The promise of reflection and ultimately a renewed sense of life that runs across your screen is carried by the joyous and powerful message of “Feeling Good” which, let’s face it, is how we all want to feel. In 2015, after the ad featuring Avicii was released, the demand for the Volvo XC90 was stronger than ever according to Volvo’s released sales numbers. Subsequently, Volvo increased its ties to music talent in adapting and centering the idea of music as a communication tool. Björn Annwall, the Senior Vice President of Marketing Sales and Service at Volvo Car Group stated, “Music and the emotion it generates are central to how we communicate at Volvo Cars. We are a brand with a clear focus on the people, so music is a natural element in our stories.” Their “A New Beginning” campaign, named for the rejuvenating time Avicii spent at home, was a major success for Volvo. More importantly it is a powerful example of the melding of cinematography and music that is increasingly central to advertising campaigns. “A New Beginning” feels anecdotal and artistic, allowing for multiple connections to be made with the artist and subsequently, the car he uses to get where he is going.

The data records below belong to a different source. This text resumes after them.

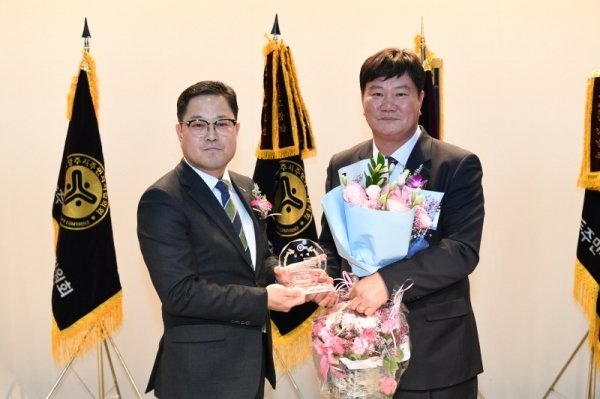 사진 오른쪽 김현수 신임 협의회장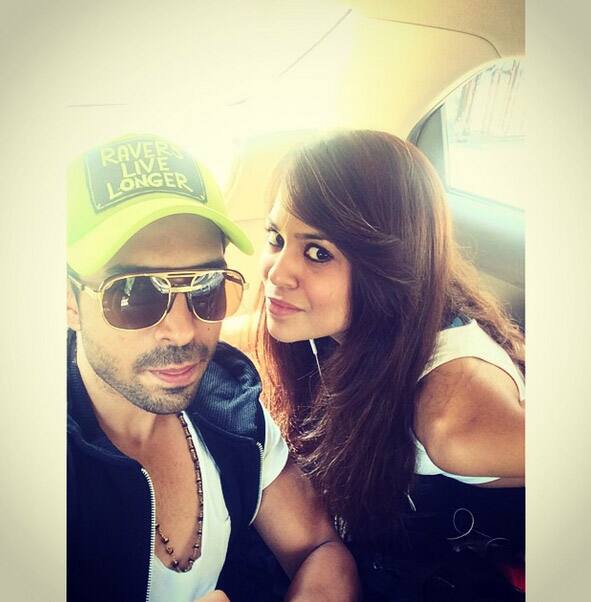 With this cutieee ❤ #carselfie #workmode #happiness #bestofsaturday #lovethis - sanaofficial@Instagram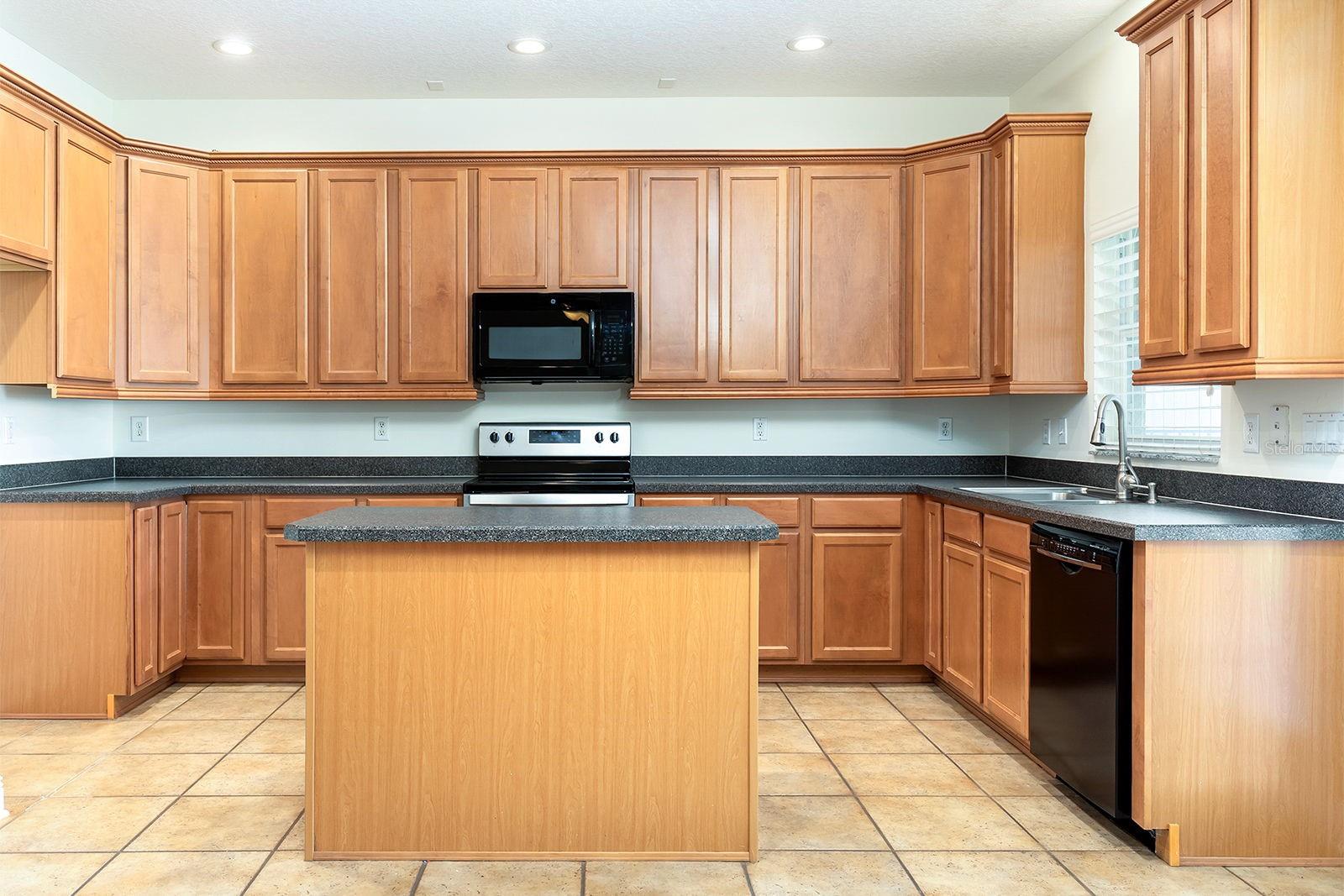 6368 SEDONA LEAF CT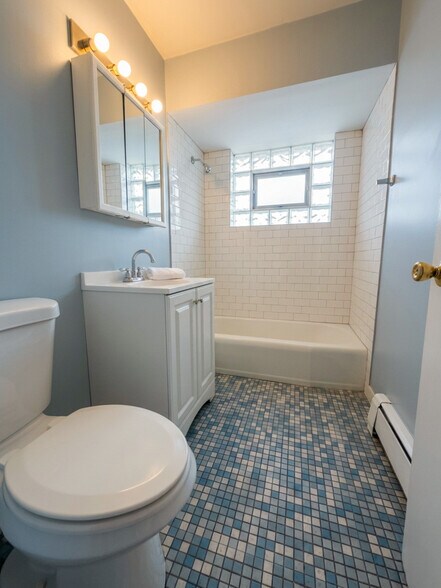 More Photos Of 441 E 107th St, Chicago Apartments For Sale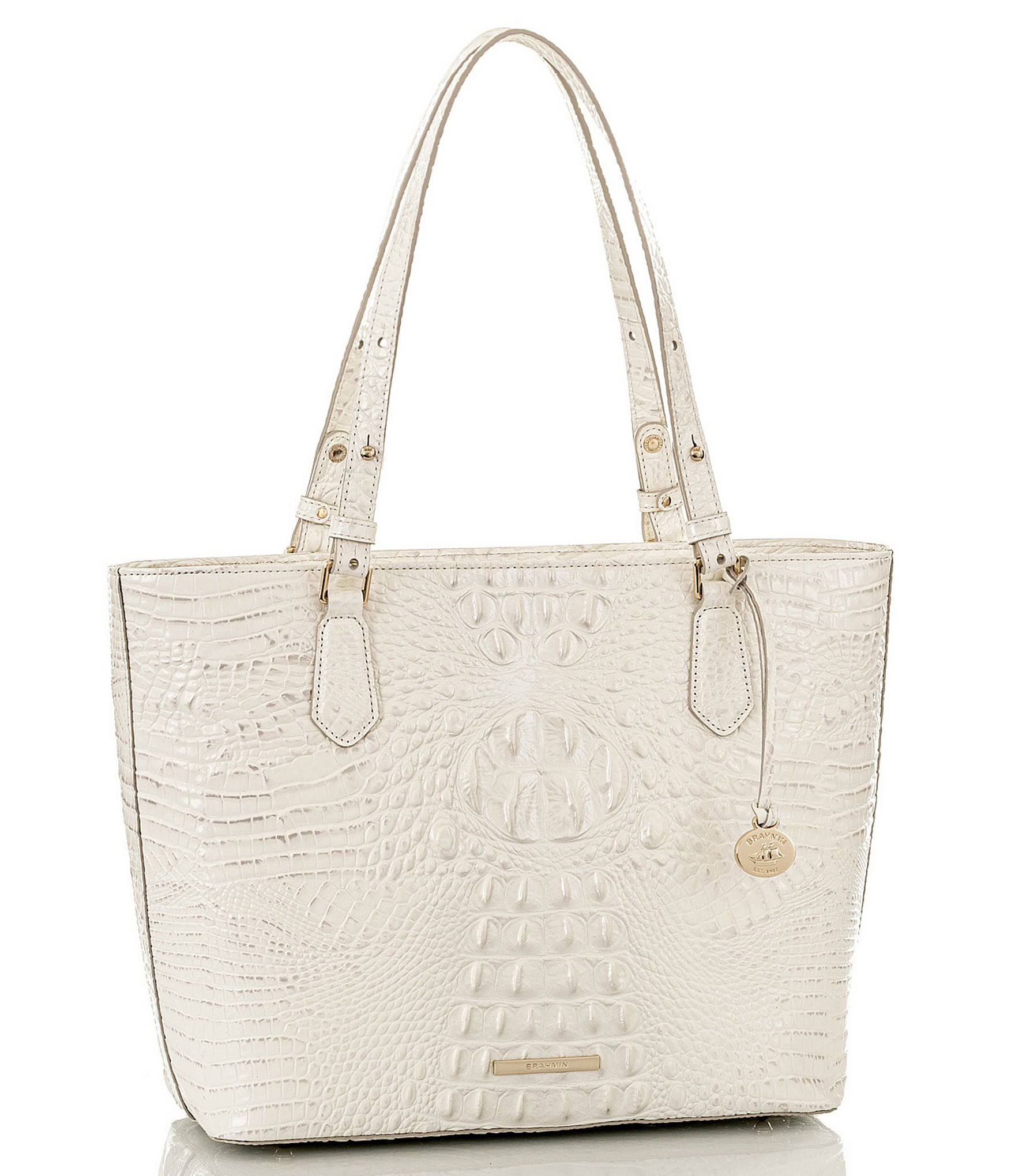 Medium Misha Embossed - Pecan/Gold J4818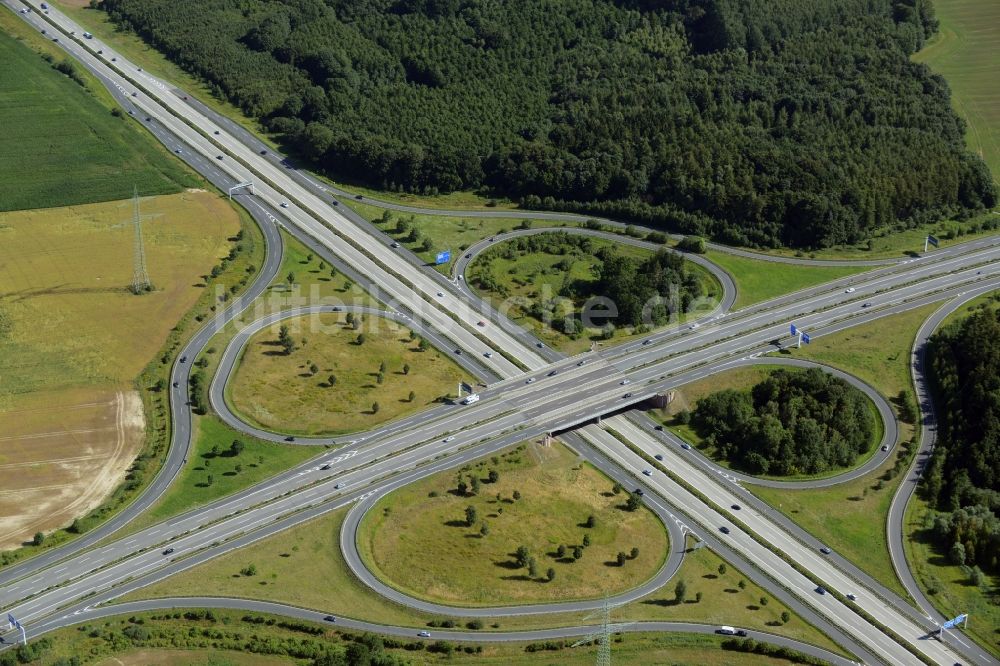 Kessin von oben - Verkehrsführung am Autobahnkreuz der BAB A19 und A20 - Autobahnkreuz Rostock in Kessin im Bundesland Mecklenburg-Vorpommern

Conversely, we have the Kia Soul. Made in South Korea, the Soul has had three hamsters represent it for going on a decade now. If you’ve missed it, the three hamsters were styled in a ’90s hip hop fashion: they’re colorful elastic pants-wearing, pudgy-looking hamsters. Compared to Volvo, Kia decided to shake up not only the design of their cars but also the way they were advertised.

The spot, “Totally Transformed”, despite continuing the three-hamster joke, took a drastically different tone of self-improvement and trendiness as underscored, highlighted, and thrown in your face using Lady Gaga’s “Applause”. If you feel winded by the jogging, weightlifting, trendy upgrade these three go through in 90 seconds, then the ad has accomplished its goal. “Applause” is poppy, trendy, and curiously intoxicating. The transformation that the Soul goes through is in metaphorical comparison to the hamsters, who are conjuring the image of “sleeker, sexier, and more sophisticated” according to Colin Jeffrey, who directed the spot. “Totally Transformed” imparts feelings of the hardship of change in the workout and the result—which is what most people wouldn’t mind: the applause.

Finally, BMW continuously pushes The Ultimate Driving Machine narrative from new angles. The futuristic, trail blazing, adventurous monologue would mean very little without a piece of music to inform the audience of the awe-inspiring journey this car could take you on. Set to “The Wave” by PlayDis, the roads through city skylines and lush country sides oscillate like the ocean as the X4 traverses all the paths its driver might take.
“The Wave” inspires a sense of adventure and excitement that no other vehicle has the capacity to. Like the 80s synthesized beats from the movie Tron, “The Wave” elicits that exciting new world feeling with bright lights that propel you forward. The future that the ad and its music concoct is nothing short of inspirational and triumphant. The feeling of adventure and the emotions that come with it are exciting and scary. The Wave tempers the negative and bolsters the positive emotions, leading to a promising, dare I say Ultimate Driving Experience that no other car can deliver. The 2016 sales for this model were stronger than the previous year and the following year. “The Wave” would seem to have had the desired effect!

The emotions queued, stirred, and focused by music are important to the advertising business. If you have felt nothing from the images accompanied by the music in anyone of these commercials, it is possible you might be a psychopath. However, if you did feel something, the advertisement has done its job and I’m betting it was the music that caught your attention first!